Where do these SPAM come from?These spam come only from spammers and never from a legitimate user or a company. These spammers send a single email to hundreds (some times thousands or millions) of email addresses at a time. They either send it manually or use spambots to automate the process of spamming.
Why do spammers SPAM?The main goal of spammers is to send the spam (unsolicited bulk messages) to as many people as possible in order to make profit. For example, John builds a small website to sell an ebook which gives information about weight loss. In order to make sales he needs publicity for his website. Instead of spending money on advertising, John decides to create an email which contains information about his site along with it’s link and send this email to say 100 email addresses in his contact list. If 1 person out of hundred buy this book john gets $10. What if he sends this email to 1000s of email addresses. He gets $100. Imagine, if he sends this email to 1 Million email addresses he gets $100000.
Now I hope you understood the idea behind spamming. So in order to make money, spammers send their advertising emails to as many people as possible without respecting the recipient’s privacy.
From where do SPAMmers get my email address?On the Internet there exist many sites who collect the email IDs of people and sell them to spammers in bulk. Most often, people sign up for monthly newsletters and take up surveys. This is the time where these scam sites get their email addresses. Also many spammers collect email addresses by using spambots. These spambots collect email addresses from the Internet in order to build mailing lists. Such spambots are web crawlers that can gather email addresses from Web sites, newsgroups, forums, special-interest group (SIG) postings, and chat-room conversations.
Spammers also use the trick of creating Hoax Emails for gathering a huge list of email IDs. For example, a spammer sends a hoax email which says “Forward this Message to Help Severely Burned Child”This email claims that 11 cents will be donated to the child’s family every time the message is sent to others. Most of the people believe this and start forwarding this hoax email to all of the IDs in their contact list. In this way the email spreads rapidly and eventually when it reaches the creator (spammer), the spammer gets a huge list of valid email addresses in the email header. When you get these kind of hoax emails, you can see for yourself in the email header which contains a huge list of email addresses of all those people to whom the email is being forwarded to. This is one of the effective methods used by spammers to gather email addresses.
Is SPAMming legal?Spamming is completely illegal. Yet it is really difficult to stop spammers from spamming since they keep moving from one hosting company to another after getting banned. This makes it practically impossible to catch spammers and prosecute them.
How to protect my email account from getting SPAMmed?The following methods can be used to combat email spam.

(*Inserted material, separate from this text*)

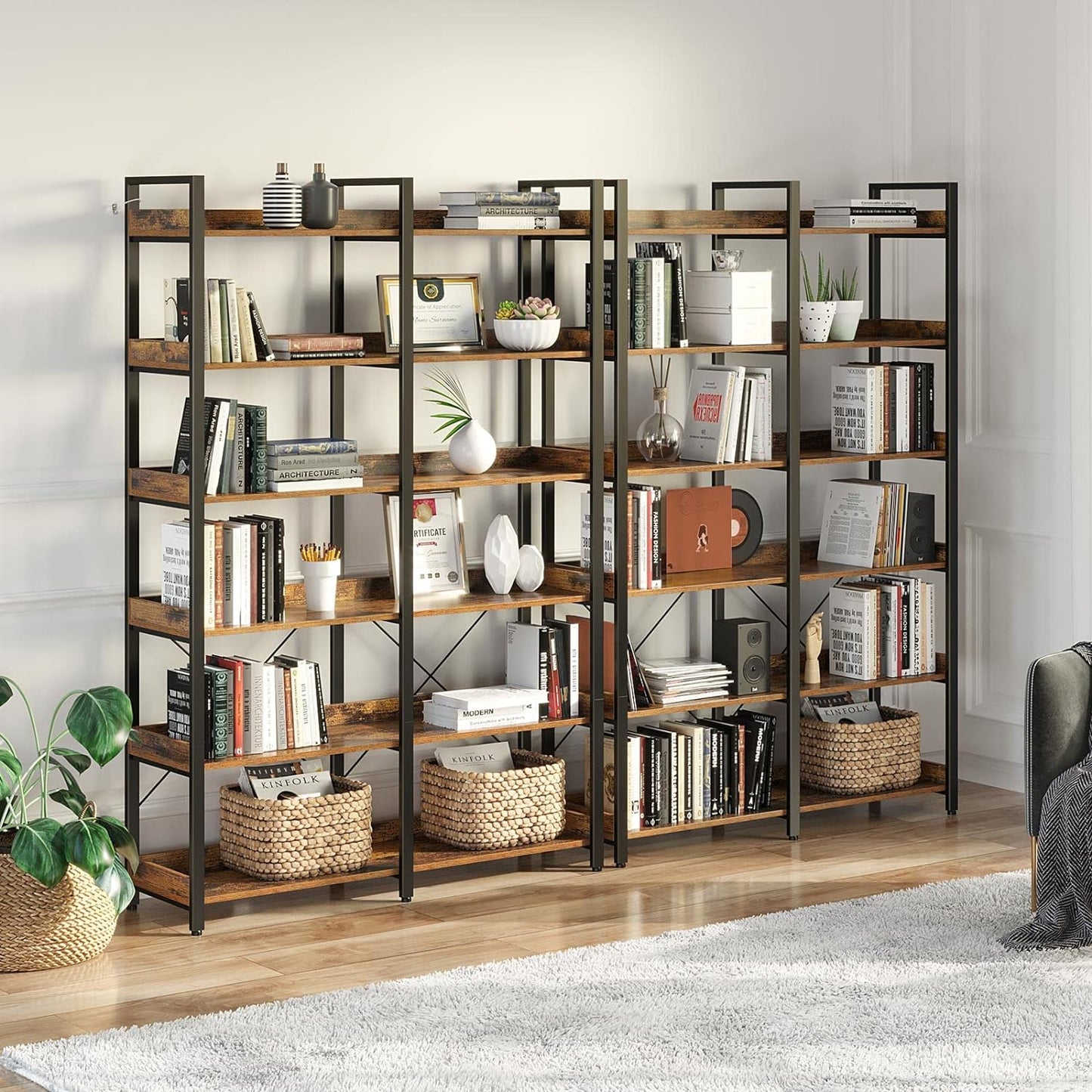 Seventable Bookshelf 6 Tier with 4 Hooks, 67” Industrial Wooden Bookcase, Vintage Storage Rack with Open Shelves, Rustic Standing Bookshelves Metal Frame 43.3” Wide Display Rack, Rustic Brown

1. Use spam filters for your email account. If you’re using email services like Gmail, Yahoo, Hotmail etc. then spam filters are used by defaut. Each spam filter has it’s algorithm to detect spam emails and will automatically move them to SPAM folder. This keeps your inbox free from spam. However some spam emails become successful to make their way into the inbox by successfully bypassing the filters.
2. Do not post your email address in public forums, user comments and chat-rooms. Give your email address only to trustworthy websites while signing up for newsletters.

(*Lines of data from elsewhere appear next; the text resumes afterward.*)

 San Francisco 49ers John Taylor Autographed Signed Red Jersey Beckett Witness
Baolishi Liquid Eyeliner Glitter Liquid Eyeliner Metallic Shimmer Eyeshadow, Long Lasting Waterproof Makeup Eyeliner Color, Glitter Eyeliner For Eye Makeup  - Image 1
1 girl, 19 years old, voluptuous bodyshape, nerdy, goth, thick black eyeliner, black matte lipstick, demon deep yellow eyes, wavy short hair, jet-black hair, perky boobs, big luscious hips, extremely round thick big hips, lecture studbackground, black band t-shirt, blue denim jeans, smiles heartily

3. While taking up online surveys and filling up feedback forms, it is better not to give your personal email address. Instead singup for a dummy email account and use this for surveys and feedback forms.
4. While posting your contact email address on your website use this format: emailaddress [at] yoursite.com instead of emailaddress@yoursite.com. This protects your email address from being indexed by spambots.
5. Do not respond to hoax messages. When you receive a hoax email, avoid forwarding it to your friends. Examples of hoax messages can be found at www.hoax-slayer.com. If you really want to forward it to your friends, make sure that you use “Bcc” (blind certified copy) option to send the email. This will hide all the email IDs to which the mail is forwarded to.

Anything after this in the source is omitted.